THE VISION-LANGUAGE-ACTION MODEL (VLA) APPROACH
With the launch of RT-2, Google presents a fresh approach to tackle these challenges. RT-2 is a vision-language-action (VLA) model, built upon the Transformer architecture, adept at processing textual and visual information from the web. Just as language models learn from web data to grasp concepts, RT-2 leverages this knowledge to instruct robots on executing specific actions.
SPEAKING “ROBOT” – REASONING AND DECISION-MAKING
The true strength of RT-2 lies in its ability to communicate in the language of robots. It empowers robots to reason and make informed decisions based on their training data, allowing them to recognize objects in context and understand how to interact with them. For instance, RT-2 can effortlessly identify and dispose of trash without extensive training on this specific task. It comprehends the abstract nature of trash, acknowledging that what was once a bag of chips or a banana peel becomes trash after use. This streamlined approach eliminates the complexity of previous robotic systems, which relied on intricate stacks of systems communicating between high-level reasoning and low-level manipulation to control the robot’s actions. With RT-2, these tasks are consolidated into a single model, enabling intricate reasoning and seamless robot action outputs.

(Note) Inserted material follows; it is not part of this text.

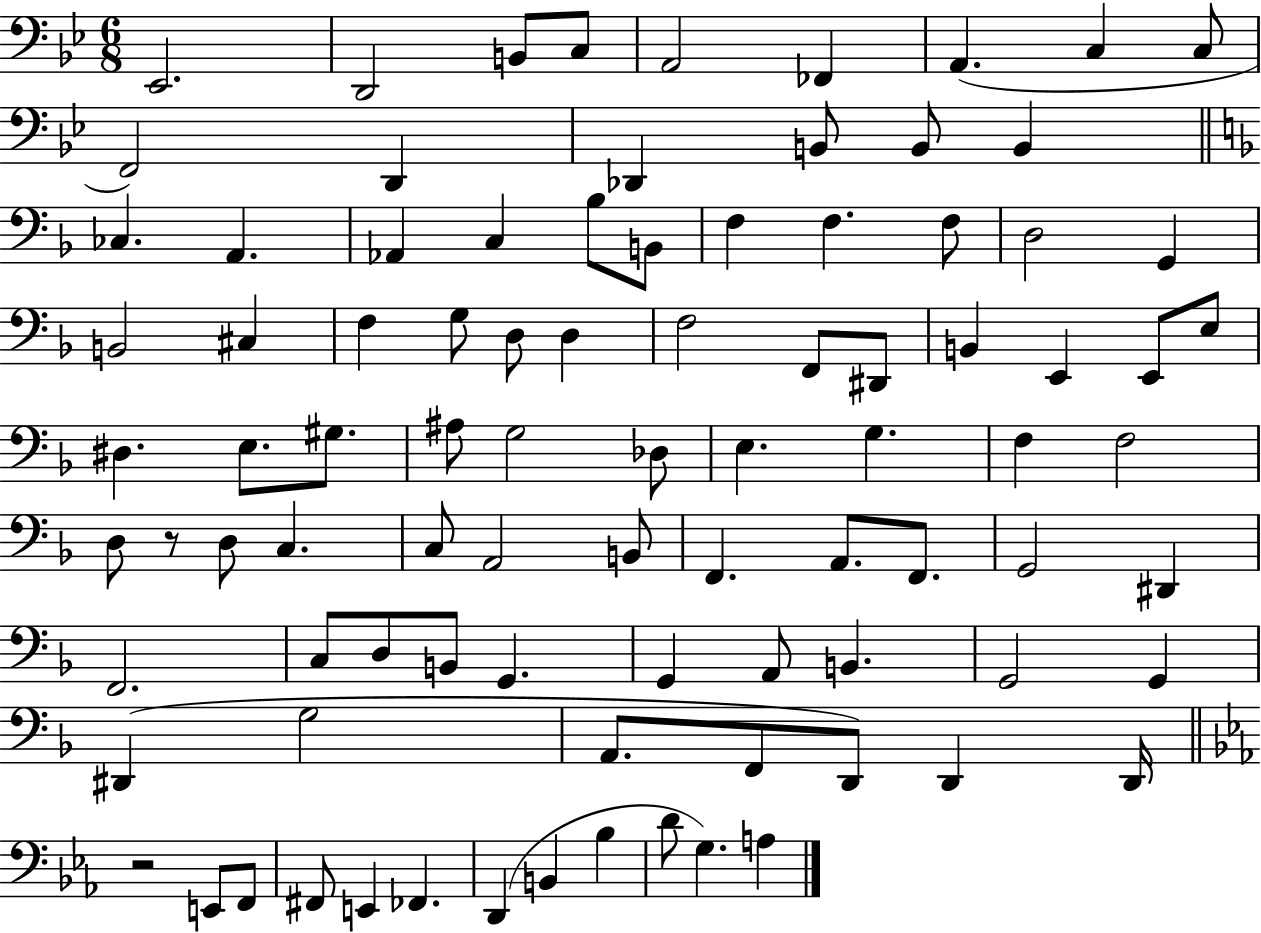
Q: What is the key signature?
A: BES major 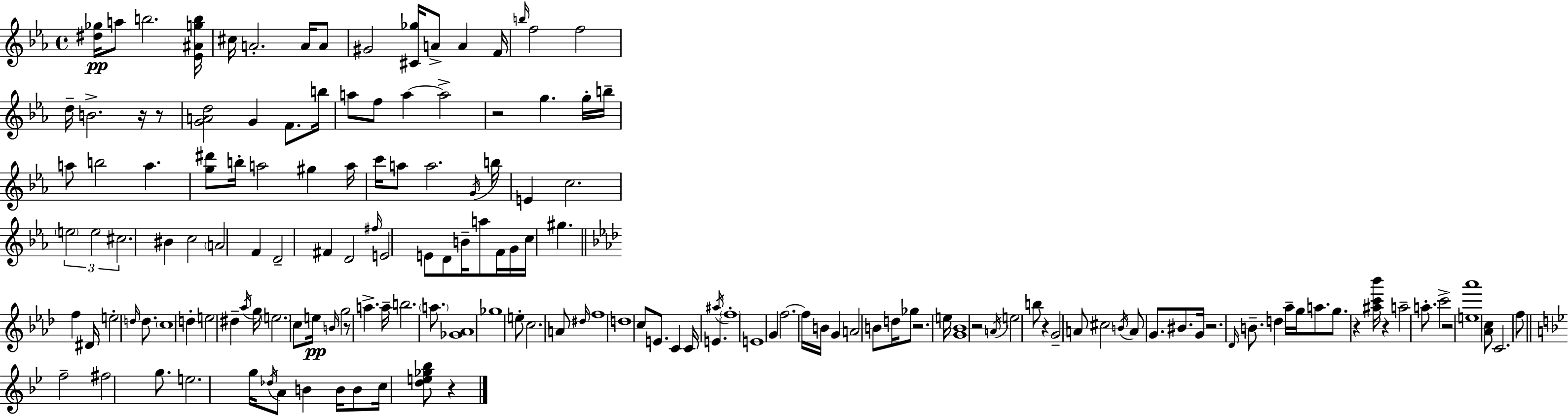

REMARKABLE RESULTS AND FUTURE PROSPECTS
After rigorous testing through over 6,000 robotic trials, Google’s team achieved remarkable results. On tasks that RT-2 was trained on (“seen” tasks), its performance matched that of its predecessor, RT-1. However, the most notable improvement was seen in novel, unseen scenarios, where RT-2’s performance nearly doubled to 62 per cent, compared to RT-1’s 32 per cent.
Robots equipped with RT-2 possess the ability to swiftly adapt to new situations and environments, akin to how humans learn by applying concepts to novel scenarios. Although there is still progress to be made in fully enabling robots in human-cantered environments, RT-2 offers a promising glimpse of the potential that lies ahead in the field of robotics.